The response must contain every line below in which "фотография" appears.

┌─ Source material

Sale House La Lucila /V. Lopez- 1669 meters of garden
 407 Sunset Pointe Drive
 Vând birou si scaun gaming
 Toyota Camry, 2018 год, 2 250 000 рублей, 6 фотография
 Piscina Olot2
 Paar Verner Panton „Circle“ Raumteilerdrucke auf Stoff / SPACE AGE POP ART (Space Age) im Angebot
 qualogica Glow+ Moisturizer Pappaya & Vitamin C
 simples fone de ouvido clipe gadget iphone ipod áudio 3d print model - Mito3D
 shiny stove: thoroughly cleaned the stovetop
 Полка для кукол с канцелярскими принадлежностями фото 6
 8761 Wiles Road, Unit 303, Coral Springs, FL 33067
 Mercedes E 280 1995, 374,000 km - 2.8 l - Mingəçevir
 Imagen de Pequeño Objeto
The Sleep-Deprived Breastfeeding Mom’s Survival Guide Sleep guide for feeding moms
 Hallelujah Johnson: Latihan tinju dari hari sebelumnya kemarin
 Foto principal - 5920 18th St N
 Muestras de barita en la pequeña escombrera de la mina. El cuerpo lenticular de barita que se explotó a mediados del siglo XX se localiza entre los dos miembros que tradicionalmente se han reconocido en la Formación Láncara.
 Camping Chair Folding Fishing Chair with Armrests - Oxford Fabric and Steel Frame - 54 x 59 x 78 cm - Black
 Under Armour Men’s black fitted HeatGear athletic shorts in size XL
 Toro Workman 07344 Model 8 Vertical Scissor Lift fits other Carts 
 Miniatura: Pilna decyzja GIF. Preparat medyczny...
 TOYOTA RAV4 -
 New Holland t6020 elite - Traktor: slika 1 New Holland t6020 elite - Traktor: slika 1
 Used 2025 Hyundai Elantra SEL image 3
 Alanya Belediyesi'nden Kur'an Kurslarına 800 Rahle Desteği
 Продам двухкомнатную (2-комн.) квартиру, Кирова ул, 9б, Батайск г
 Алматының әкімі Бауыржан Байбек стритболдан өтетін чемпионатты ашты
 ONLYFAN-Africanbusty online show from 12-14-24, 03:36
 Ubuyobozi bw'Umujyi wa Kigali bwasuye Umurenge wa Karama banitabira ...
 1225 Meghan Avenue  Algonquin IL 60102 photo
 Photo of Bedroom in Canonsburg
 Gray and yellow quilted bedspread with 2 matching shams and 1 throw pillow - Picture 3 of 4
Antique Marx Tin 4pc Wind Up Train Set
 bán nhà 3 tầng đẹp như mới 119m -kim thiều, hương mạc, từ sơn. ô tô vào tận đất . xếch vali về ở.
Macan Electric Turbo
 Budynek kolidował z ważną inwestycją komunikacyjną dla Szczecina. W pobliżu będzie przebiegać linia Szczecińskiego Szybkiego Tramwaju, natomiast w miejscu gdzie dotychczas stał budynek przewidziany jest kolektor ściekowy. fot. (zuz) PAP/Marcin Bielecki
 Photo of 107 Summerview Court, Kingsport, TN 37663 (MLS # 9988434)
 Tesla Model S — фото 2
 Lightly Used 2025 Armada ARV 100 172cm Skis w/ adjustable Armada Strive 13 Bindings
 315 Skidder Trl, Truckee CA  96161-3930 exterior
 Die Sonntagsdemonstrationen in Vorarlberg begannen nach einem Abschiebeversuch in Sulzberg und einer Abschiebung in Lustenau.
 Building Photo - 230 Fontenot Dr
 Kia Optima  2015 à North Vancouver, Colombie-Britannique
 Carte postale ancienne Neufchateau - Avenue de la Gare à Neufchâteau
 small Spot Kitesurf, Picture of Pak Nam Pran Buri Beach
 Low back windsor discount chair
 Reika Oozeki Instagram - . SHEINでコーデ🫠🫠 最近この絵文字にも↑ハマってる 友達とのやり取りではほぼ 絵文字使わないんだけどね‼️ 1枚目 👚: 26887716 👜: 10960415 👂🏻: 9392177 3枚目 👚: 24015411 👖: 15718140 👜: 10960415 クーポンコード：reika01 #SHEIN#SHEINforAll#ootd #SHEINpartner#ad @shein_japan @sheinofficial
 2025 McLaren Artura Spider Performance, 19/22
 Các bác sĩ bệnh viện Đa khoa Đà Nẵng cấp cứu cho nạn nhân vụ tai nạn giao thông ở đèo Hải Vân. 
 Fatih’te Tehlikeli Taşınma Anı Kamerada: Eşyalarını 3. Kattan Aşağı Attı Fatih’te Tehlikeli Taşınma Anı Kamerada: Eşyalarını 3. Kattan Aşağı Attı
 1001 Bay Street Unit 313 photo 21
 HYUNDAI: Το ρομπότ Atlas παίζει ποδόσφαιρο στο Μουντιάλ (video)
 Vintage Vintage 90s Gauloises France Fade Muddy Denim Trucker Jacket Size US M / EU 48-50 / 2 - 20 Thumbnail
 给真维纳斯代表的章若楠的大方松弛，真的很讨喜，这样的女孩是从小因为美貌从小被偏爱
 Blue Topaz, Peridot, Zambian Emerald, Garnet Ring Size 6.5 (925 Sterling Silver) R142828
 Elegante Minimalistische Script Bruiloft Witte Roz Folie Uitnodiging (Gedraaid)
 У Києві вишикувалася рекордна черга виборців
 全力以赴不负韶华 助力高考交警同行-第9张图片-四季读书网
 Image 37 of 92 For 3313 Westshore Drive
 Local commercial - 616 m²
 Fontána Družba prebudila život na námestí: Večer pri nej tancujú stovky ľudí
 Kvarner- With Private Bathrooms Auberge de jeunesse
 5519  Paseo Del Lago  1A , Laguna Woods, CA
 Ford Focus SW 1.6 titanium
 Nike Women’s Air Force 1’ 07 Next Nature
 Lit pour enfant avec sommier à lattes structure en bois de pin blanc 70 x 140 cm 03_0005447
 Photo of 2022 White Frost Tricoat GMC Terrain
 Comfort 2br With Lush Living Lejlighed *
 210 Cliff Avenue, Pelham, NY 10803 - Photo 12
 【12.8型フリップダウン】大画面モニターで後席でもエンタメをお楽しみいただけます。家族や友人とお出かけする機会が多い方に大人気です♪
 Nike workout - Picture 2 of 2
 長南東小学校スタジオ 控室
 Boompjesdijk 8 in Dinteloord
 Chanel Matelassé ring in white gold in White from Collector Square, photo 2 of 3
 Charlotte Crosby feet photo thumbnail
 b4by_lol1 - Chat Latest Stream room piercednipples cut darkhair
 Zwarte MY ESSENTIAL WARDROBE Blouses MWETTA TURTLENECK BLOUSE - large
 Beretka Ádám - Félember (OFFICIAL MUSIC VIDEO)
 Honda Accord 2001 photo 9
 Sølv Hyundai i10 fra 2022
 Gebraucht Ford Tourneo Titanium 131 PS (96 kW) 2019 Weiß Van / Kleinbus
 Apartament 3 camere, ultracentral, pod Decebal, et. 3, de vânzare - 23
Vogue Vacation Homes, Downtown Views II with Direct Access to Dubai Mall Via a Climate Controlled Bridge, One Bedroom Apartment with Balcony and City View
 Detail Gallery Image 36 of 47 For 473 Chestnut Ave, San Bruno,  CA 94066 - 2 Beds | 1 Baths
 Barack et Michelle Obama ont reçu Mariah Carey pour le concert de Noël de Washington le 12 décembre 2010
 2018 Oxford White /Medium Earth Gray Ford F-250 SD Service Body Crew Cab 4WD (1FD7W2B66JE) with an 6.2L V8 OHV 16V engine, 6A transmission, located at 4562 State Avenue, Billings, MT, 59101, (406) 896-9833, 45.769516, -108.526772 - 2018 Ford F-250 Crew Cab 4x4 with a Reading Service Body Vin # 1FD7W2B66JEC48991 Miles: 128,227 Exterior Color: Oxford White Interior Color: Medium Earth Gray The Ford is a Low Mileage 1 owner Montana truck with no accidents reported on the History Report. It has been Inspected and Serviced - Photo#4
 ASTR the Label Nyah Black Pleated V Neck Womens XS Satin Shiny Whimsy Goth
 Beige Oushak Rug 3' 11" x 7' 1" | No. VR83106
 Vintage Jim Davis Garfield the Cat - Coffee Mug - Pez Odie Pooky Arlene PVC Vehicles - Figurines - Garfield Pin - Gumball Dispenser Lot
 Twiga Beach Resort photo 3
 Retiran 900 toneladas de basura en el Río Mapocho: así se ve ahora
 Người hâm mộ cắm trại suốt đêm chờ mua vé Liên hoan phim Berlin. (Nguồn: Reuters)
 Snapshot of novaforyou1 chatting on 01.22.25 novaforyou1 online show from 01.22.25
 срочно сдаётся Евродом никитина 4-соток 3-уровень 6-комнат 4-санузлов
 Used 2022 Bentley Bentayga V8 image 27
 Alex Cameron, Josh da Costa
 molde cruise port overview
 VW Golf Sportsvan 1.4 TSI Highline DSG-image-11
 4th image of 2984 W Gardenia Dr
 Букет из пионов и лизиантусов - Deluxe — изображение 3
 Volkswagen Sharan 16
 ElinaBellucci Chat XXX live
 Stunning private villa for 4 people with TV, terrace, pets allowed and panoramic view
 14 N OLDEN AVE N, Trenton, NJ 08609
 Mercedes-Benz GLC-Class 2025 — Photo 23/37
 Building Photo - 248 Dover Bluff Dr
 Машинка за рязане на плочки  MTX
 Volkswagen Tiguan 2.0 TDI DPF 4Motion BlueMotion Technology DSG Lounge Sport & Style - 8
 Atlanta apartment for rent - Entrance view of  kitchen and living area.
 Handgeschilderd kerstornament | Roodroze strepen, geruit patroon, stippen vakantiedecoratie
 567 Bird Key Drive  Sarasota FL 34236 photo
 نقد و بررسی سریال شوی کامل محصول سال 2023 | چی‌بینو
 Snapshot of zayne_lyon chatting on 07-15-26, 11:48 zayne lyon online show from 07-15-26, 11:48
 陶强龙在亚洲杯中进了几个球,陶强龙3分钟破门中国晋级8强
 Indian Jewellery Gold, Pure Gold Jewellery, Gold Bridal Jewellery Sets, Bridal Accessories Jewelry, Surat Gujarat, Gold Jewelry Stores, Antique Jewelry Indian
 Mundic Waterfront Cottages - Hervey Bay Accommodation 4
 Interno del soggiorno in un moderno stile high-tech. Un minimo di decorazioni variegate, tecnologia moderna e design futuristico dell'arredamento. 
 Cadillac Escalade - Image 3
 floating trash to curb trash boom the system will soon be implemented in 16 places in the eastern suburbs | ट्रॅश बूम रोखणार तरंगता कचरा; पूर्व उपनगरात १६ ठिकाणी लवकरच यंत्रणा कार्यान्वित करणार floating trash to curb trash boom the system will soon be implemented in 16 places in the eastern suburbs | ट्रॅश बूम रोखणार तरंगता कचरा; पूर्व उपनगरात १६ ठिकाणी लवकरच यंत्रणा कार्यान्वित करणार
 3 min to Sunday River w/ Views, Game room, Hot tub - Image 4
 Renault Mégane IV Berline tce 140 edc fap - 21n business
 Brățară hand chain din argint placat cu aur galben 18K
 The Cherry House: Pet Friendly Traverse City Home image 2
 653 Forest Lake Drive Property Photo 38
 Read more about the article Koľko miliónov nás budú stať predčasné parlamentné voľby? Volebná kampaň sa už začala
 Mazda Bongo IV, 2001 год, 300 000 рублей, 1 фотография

└─

Result
 Toyota Camry, 2018 год, 2 250 000 рублей, 6 фотография
 Mazda Bongo IV, 2001 год, 300 000 рублей, 1 фотография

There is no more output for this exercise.